Fat Tuesday(132)
Sweat had loosened the spirit gum holding his fake beard in place.
"The delectable Marie Antoinette," he breathed in her ear.
"Reputedly she was a whore, too. Did you know that, Remy?"
"I'm not a whore."
"A senseless argument, my dear. One for which I'm afraid I haven't got the time right now. Thank you for making it so convenient for me to find you. You were the next item on my list of things to be seen to, after I disposed of some records in this safe."
She probably could have wrestled her arm free, but she didn't attempt it because of the pistol being pressed against her temple. If she moved, he would have no compunction against killing her.
"Because one of my key men inside the N.O.P.D tried to kill me a few minutes ago," he went on, "I suspect he was trying to eliminate the man who could finger him as a traitor. Namely me. Which also leads me to deduce that the shit is coming down, to put it in the vernacular."
"You don't know the half of it."
"Basile?"
"Him. District Attorney Littrell. The attorney general."
"Your lover has been one busy boy."
'"Killing me won't get you out of this."
"No, but at least Basile won't get the spoils."
The three flowerpots nearest Pinkie exploded, showering him with fern root, bits of clay, and fragments of what had been prizewinning cattleyas.
"The next one's for you, Duvall, unless you drop the gun and move away from her."
Burke had left the house at a run and searched the immediate backyard area. The necking couple had left the gazebo. No one else was in sight.
Was the waiter wrong about Remy's leaving the house by a back door?
Or was it a trick? Had he been set up?
Scanning the yard again, he spotted the greenhouse. Remy had referenced it numerous times. Avoiding the paved path, he took the most direct route across the grass.

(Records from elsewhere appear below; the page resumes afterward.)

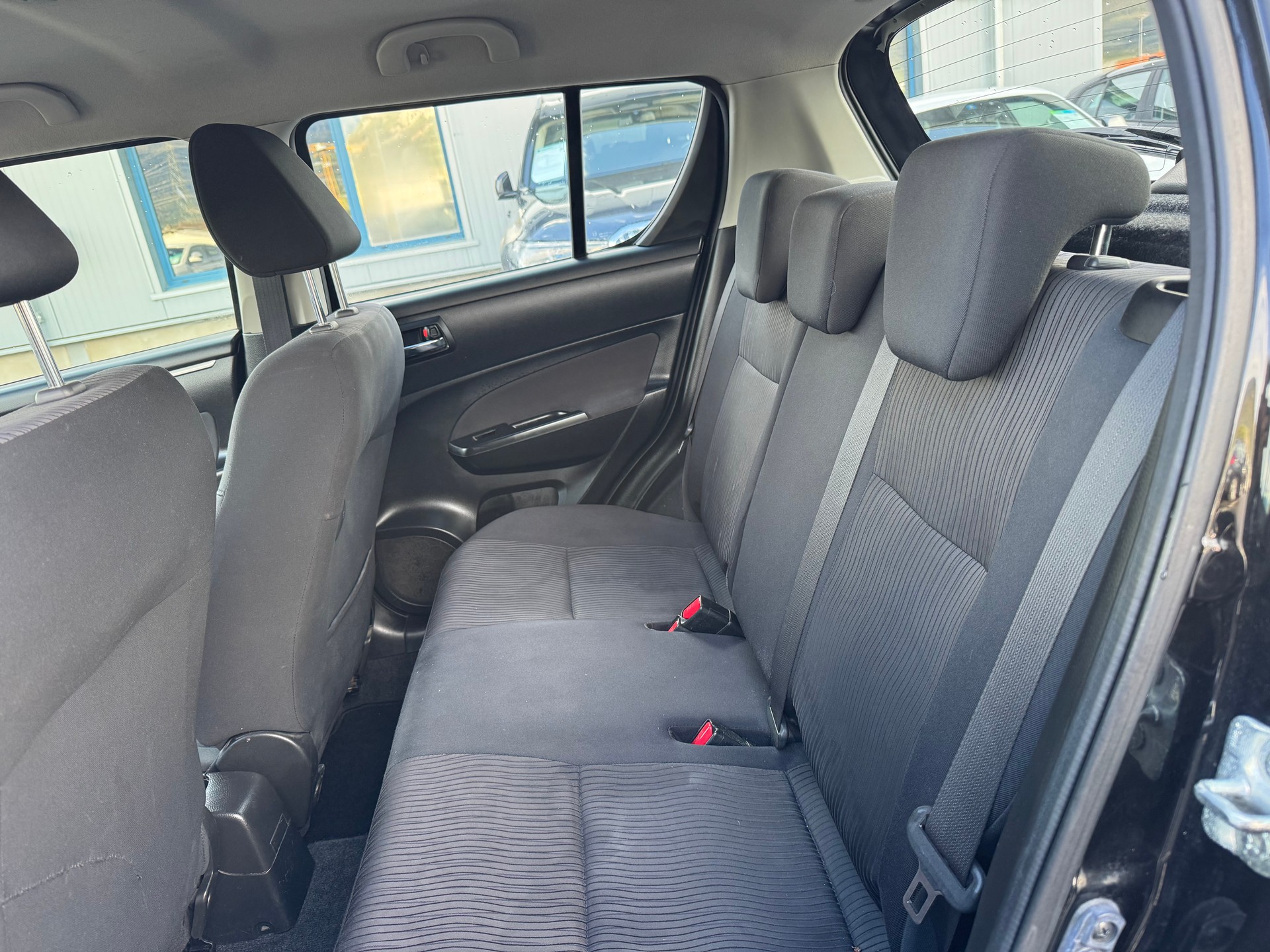 SUZUKI Swift 1.2i 16V GL Top 4x4-image-7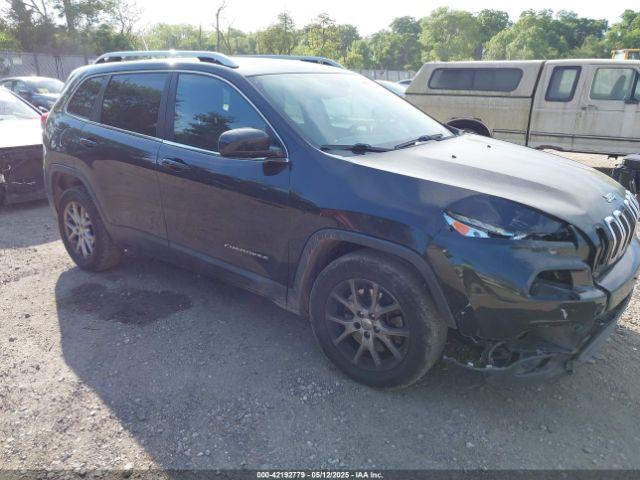  Salvage Jeep Cherokee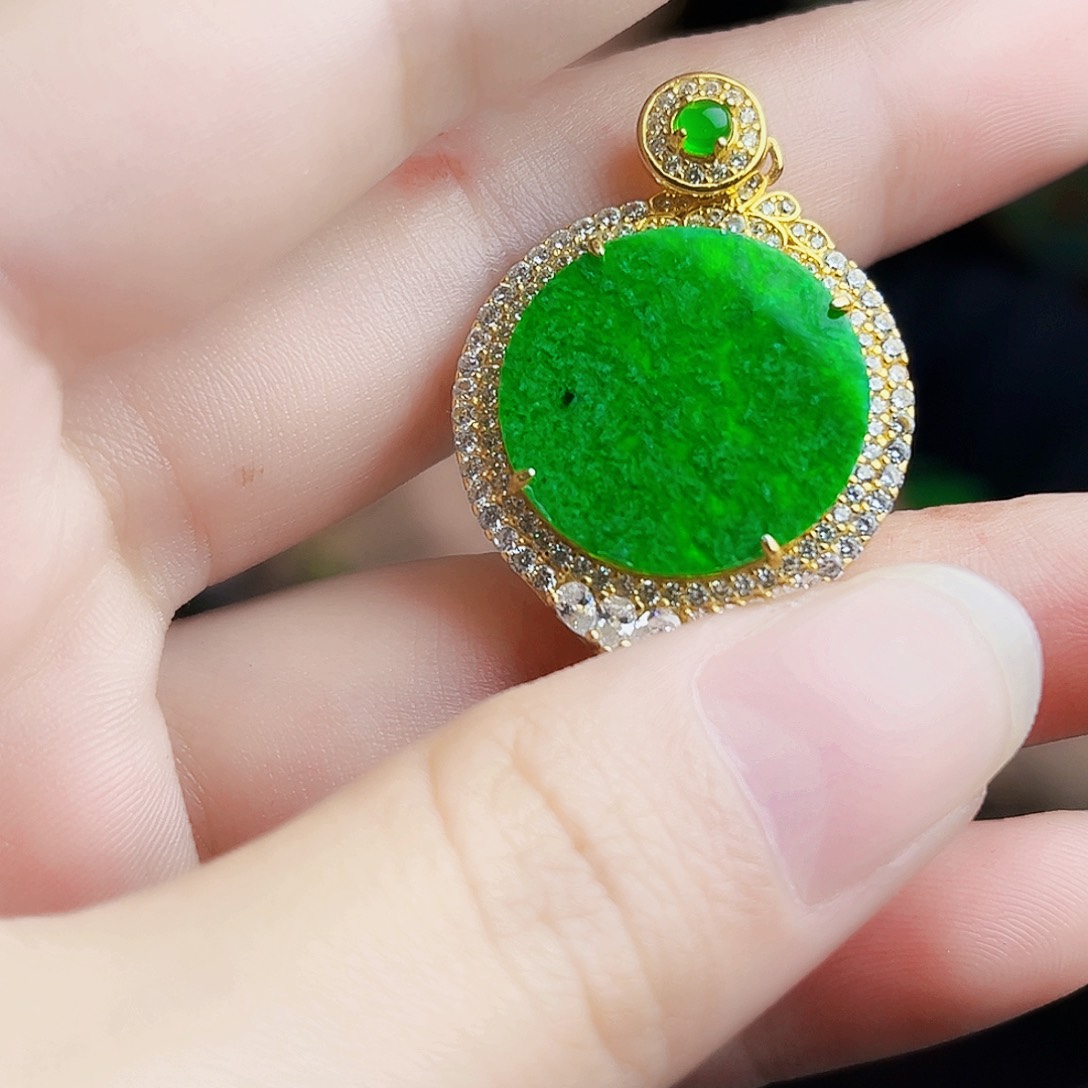 颈饰银S925镶嵌翡翠多样性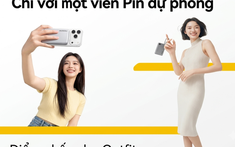 Một chiếc pin dự phòng, thêm điểm nhấn cho outfit và chiếc iPhone của bạn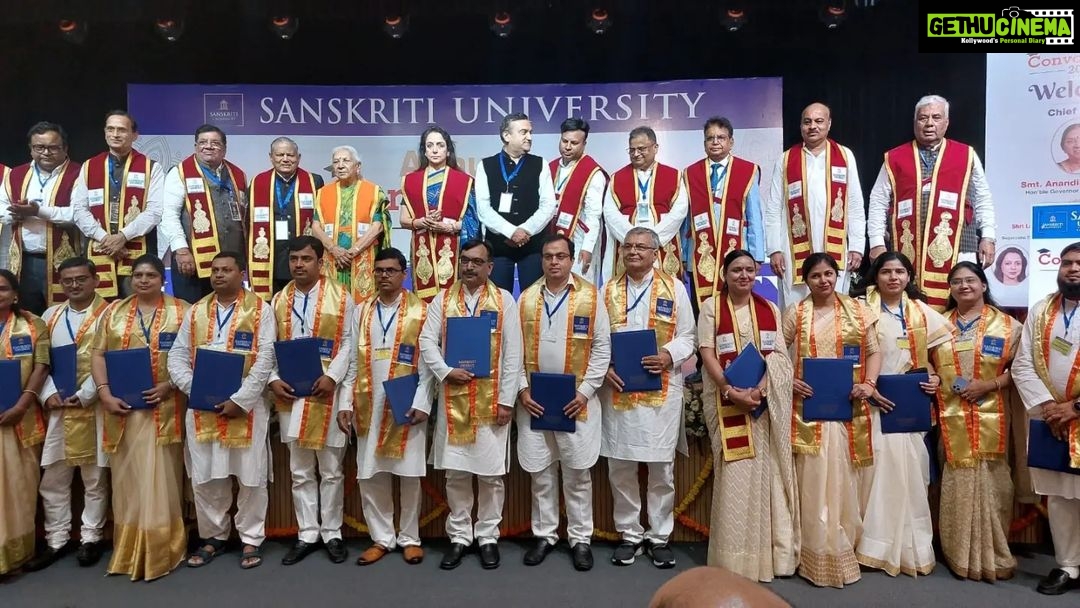 Hema Malini Instagram - Happy to share the honour I received today from the popular Sanskriti University in Mathura. I was conferred the degree of Doc of Philosophy at their 4th Convocation by Smt Anandiben Patil, Governor of UP. at a beautifully organized & well attended function. #mathura #sanskritiuniversity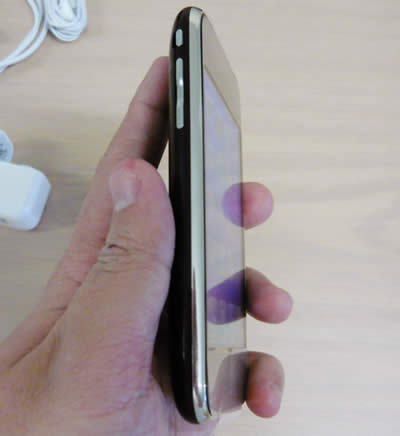 iPhone 3G trông mỏng hơn nhưng kỳ thực lại dày hơn iPhone cũ. Ảnh: Smh.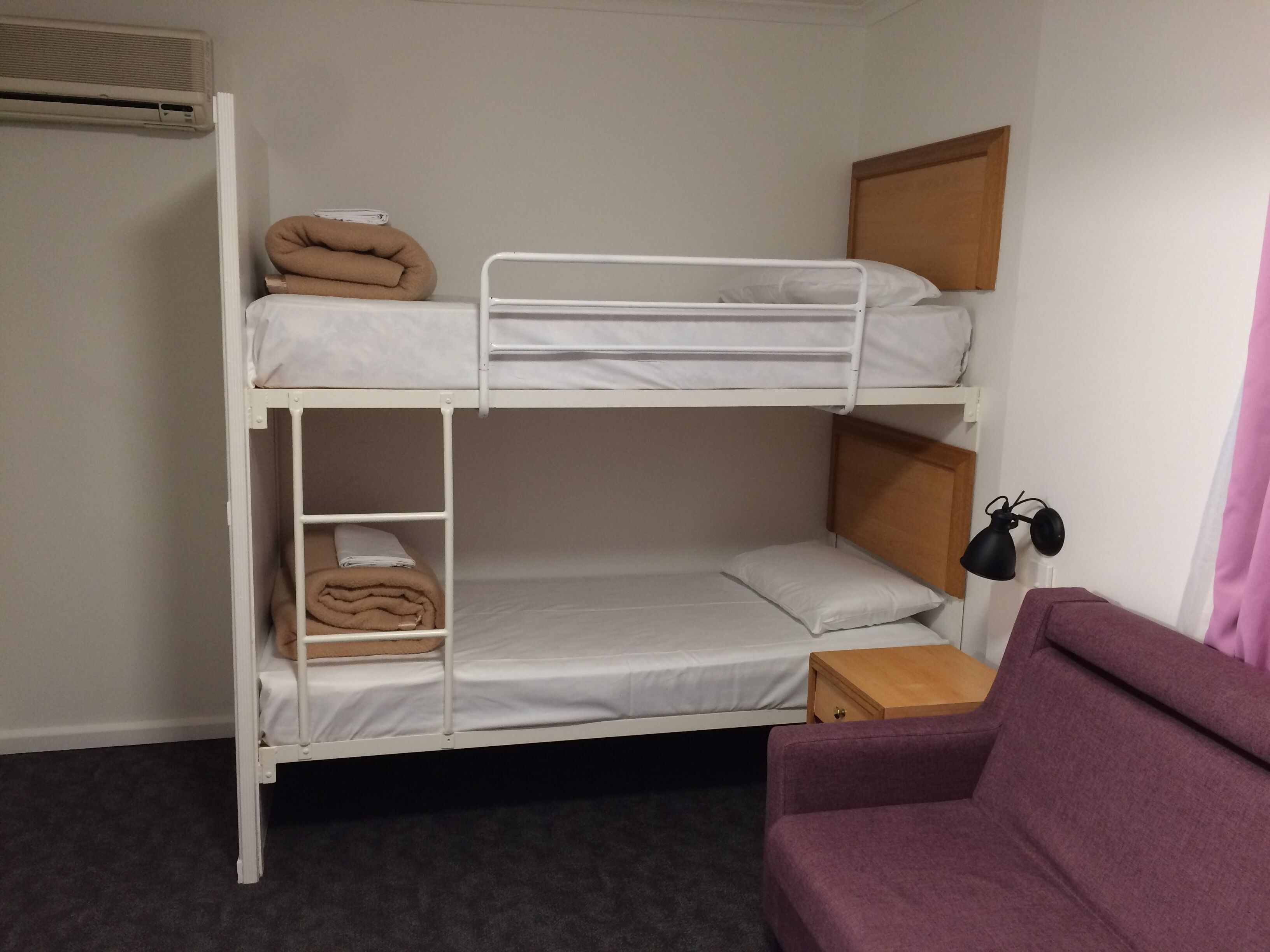 Wi-Fi gratuit, draps fournis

The evening was cold, so the glass walls of the greenhouse were foggy with condensation from the warmer air inside. Even then he didn't stop to question the wisdom of barging in there before first determining what he would find. He pulled the door open and ran in. He saw nothing at first, but he heard Remy's shocked cry. Seconds later, Duvall pushed her through the door of a small enclosure.
Burke didn't stop to consider calling for help, or waiting for backup to arrive. He didn't think about letting the system take over from here.
Because the system had failed him before.
Say a SWAT team swarmed the greenhouse and arrested Duvall by the book, he could afford a defense attorney as unscrupulous as himself.
Evidence had been stockpiled against him. Eyewitnesses like Roland Sachel, who had already tired of prison, were ready to testify against him in exchange for early parole. But depending on the judge and jury and the competency of the prosecutor, it was possible he would walk, just as Bardo had.
Even if he were convicted and sent to prison, life behind bars wouldn't stop him from terrorizing Remy and Flarra. He could order them killed from a cell block as easily as he could from his fancy office.
Those were sufficient reasons for handling Duvall alone. But none was the main reason. The night Burke had sworn to Kev Stuart's memory that he would avenge his death, he hadn't promised to see that the system carried out the rightful punishment. He had promised to carry it out himself.
So, crouching down beneath the level of the lowest metal shelves, he duckwalked forward until he had an excellent vantage point. When he fired those three warning shots into the flowerpots and issued his warning to Duvall, it was a cursory nod toward legality and civil rights. Burke had every intention of killing him.
But first he had to buy time enough to get Remy out of the way.
And, of course, Duvall was aware of that. He laughed at Burke's dramatic warning."Go ahead and shoot me, Basile. She'll die first."
"You can't count on that."
"I don't have to. Just the possibility of it will keep you from pulling the trigger. You don't want another situation like Stuart."
A curtain of crimson rage descended over Burke's eyes. His fingers turned white around the pistol. He wanted to blast this bastard, this scumbag who had stripped Remy of her self-respect and all hope of independence, who had kept her in bondage with shackles of oppression and fear.
"You're a burnout, Basile. A head case," Duvall taunted.
"Shut up."
"I don't mind killing the cunt," Duvall said conversationally.
"She deserves it. But I don't think you want another snafu on your conscience, do you? So lay down your pistol, and then I'll release her."
"Don't do it," Remy cried, speaking for the first time."Do what you know is right."
"If you hit her, I bet you'd blow out your own brains next, wouldn't you, Basile? You couldn't live with knowing you had made another mistake and killed her, just like you killed Stuart."
"I said, shut up." Sweat was rolling off his forehead into his eyes, making them sting. His vision turned cloudy. His hands, too, were perspiring so copiously he could barely maintain his grip on the pistol.
Duvall's eyes narrowed. His fingers tensed around the revolver in his hand. Basile knew there was no way in hell that a man like Duvall, a man without a conscience, was going to back down from a standoff. He knew Burke's sore spot, and he would probe it. He would pour acid into it.